**WHAT TO WORK ON**
Using the listing below, copy exactly each line from the one that has "Welchman Hall Gully Barbados" through the one that has "Baymax — thumbnail 4"; omit the pictures.

**DATA SHOWN**
=== Section Start ===

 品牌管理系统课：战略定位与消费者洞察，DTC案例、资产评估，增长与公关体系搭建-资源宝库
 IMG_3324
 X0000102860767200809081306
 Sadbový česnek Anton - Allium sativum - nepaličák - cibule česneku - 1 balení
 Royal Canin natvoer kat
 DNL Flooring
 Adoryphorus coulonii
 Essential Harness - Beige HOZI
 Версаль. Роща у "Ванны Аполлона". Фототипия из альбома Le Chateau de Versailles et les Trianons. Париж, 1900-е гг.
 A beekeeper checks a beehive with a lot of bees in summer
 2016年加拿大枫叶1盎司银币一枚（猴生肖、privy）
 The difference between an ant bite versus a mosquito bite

=== Section End ===
=== Section Start ===

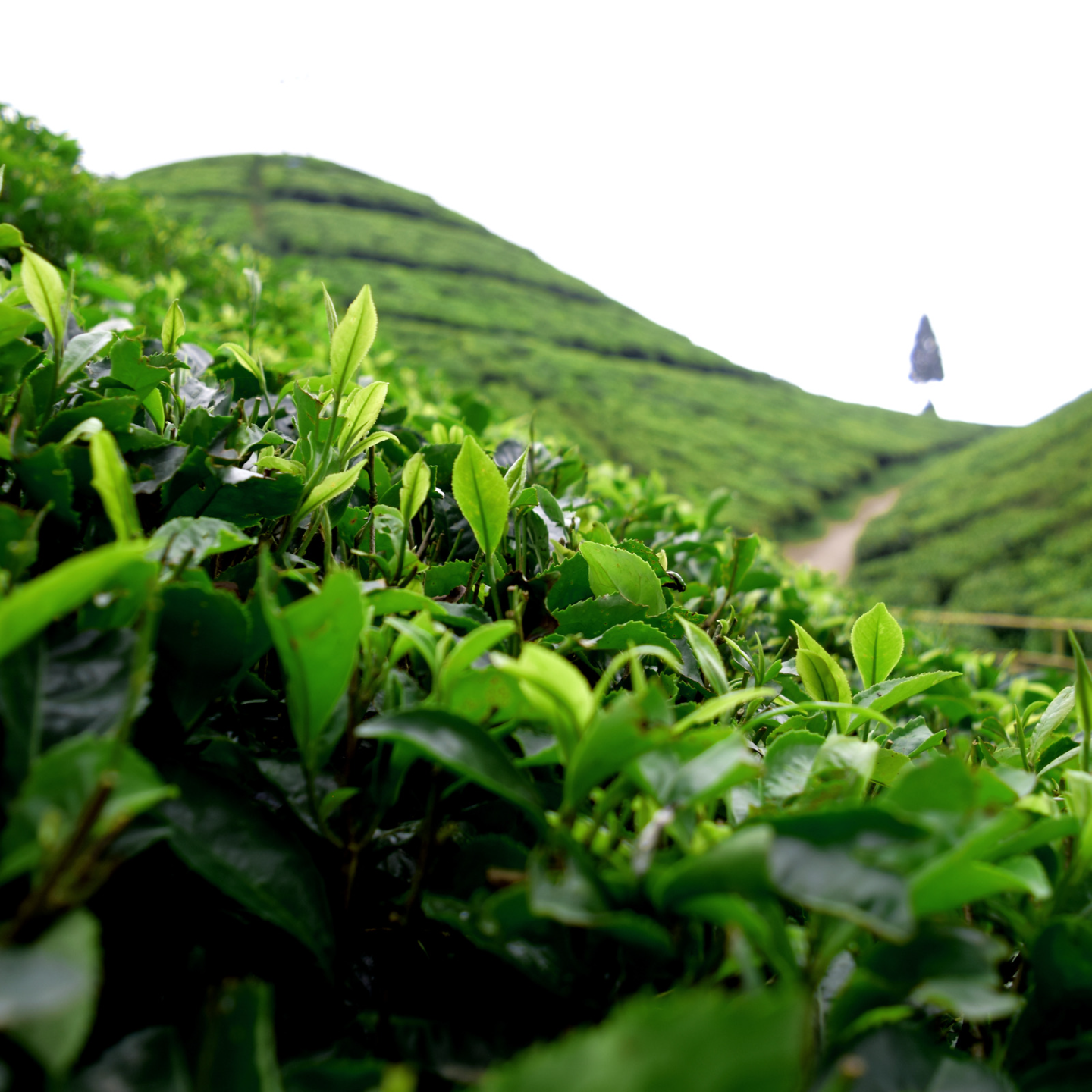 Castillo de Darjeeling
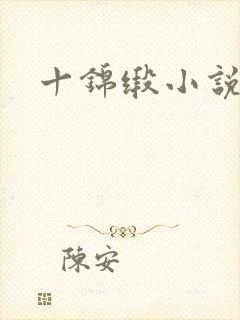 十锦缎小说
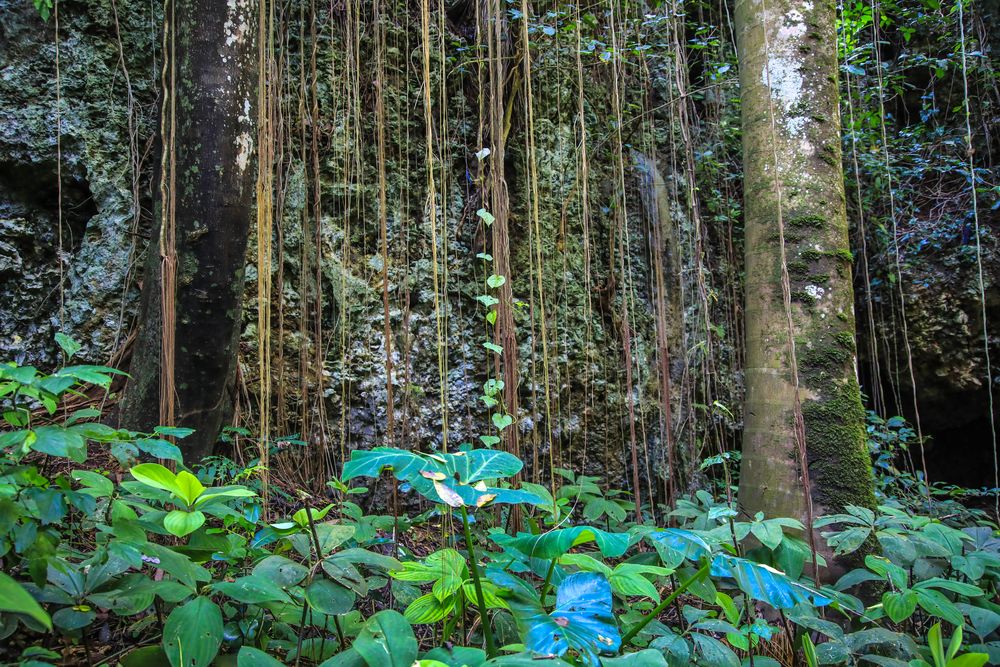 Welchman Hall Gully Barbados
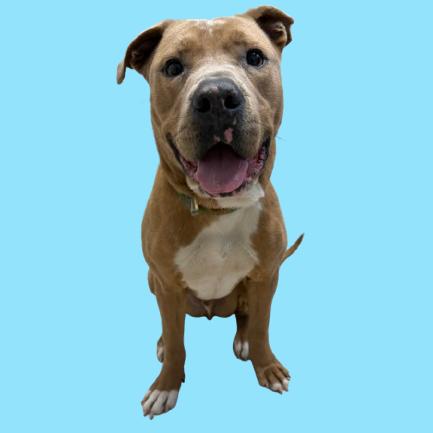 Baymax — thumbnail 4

=== Section End ===

**RESPONSE TO THE TASK**
 Welchman Hall Gully Barbados
 Baymax — thumbnail 4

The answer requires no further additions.